Albrecht Dürer
Albrecht Dürer, Alman ressamı ve gravürcüsü (Nürnberg 1471-ay.y. 1528). Kuyumcu olan babasının yanında çalışan (bu etki sonradan, tablolarında ayrıntıları kılı kırk yararcasına verme kaygısında görüldü) Albrecht Dürer, 1485'e doğru Nürnberg'de ressam Wohlgemuth'un atölyesine girdi. Dört yıl sonra Colmar'a giderek Schongauer kardeşlerle tanıştı. Sonra, Basel ve Venedik'e giaip, Nürnberg'e dönerek, evlendi. Babasının dev bir portresini (1490), Wohlgemuth'un portresini (1490) ve kendinin nişanlılık portresini (1493) yapıp, 1497'de, en güzel yapıtlarından biri olan Oswald Kell'in portresini gerçekleştirdi. Bu arada İtalya'ya bir yolculuk yaparak İtalyan gravür sanatının (özellikle Mantegna'nın bakır üstüne gravürlerinin) etkisinde kaldı ve 1498'de yaptığı Apokalips dizisiyle, o güne kadar tahta üstüne oyulmuş en güzel yapıtları ortaya koydu. 1505-1507 arasında Venedik'te kalarak beş çiltlik İnsan Bedeni Orantıları Kitapları (1528'de yayınlandı) adlı yapıtının öğelerini derledi. 1508'de Büyücü Kralların Tapınması tablosunu, 1510'da tahta üstüne Meryem'in Yaşamı'nı yaptı. 1510'da ağaç üstüne Büyük Acı gravürünü gerçekleştirip, 1511'de yaptığı Âdem ile Havva tablosuyla, bir kompozisyon başyapıtı verdi. Aynı yıl, bakır üstüne Meryem'in Yaşamı, ağaç üstüne Küçük Acı gravürlerini, Küçük Acı ve Büyük Acı'nın bakır basmalarını yaptı. O tarihten sonra gerçek ustalığına ulaşıp, Nietzsche'nin hayran kaldığı Şövalye, Ölüm ve Şeytan, Melankoli ve Aziz Hieronymus Hücresinde gravürleriyle sanatının doruğuna erişti. 1511-1520 arasında imparator Maximilian için çalışıp (Kralın Dua Kitabı'nın resimlenmesi), 1520'de Hollanda'ya giderek, güçlü ve içe dönük sanatıyla çok beğenildi. Kendi de Van Eyck'tan etkilendi (Dört Havari).

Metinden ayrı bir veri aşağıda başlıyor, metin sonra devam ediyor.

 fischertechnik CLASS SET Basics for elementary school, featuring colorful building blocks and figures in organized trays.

Albrecht Dürer her şeyden önce olağanüstü bir süslemecidir (suluboyalar). Bakır gravürcülüğünü, o güne kadar bilinmeyen gümüş rengi tonlar vererek dev adımlarla ilerletmiştir. Yapıtlarında, esinden çok sağduyunun payı ağır basar. İtalyan sanatının dev biçimlerini Alman sanatının derinliğiyle birleştirmeyi başarmış, ama Eskiçağ sanatını taklide kalkıştığında (Lucretia), başarısızlığa düşmüştür.

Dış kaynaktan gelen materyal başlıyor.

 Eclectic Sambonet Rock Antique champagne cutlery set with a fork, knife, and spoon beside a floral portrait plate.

Not: Albrecht Dürer'in Kendi Portresi (1500), bütün yapıtlarına egemen olan teknik dehasını ve duygusal yoğunluğu yansıtmaktadır. Dürer, İtalyan Rönesansı'nın yeniliklerini Kuzey Avrupa sanatına aktarmıştır. (Alte Pinakothek, Münih.)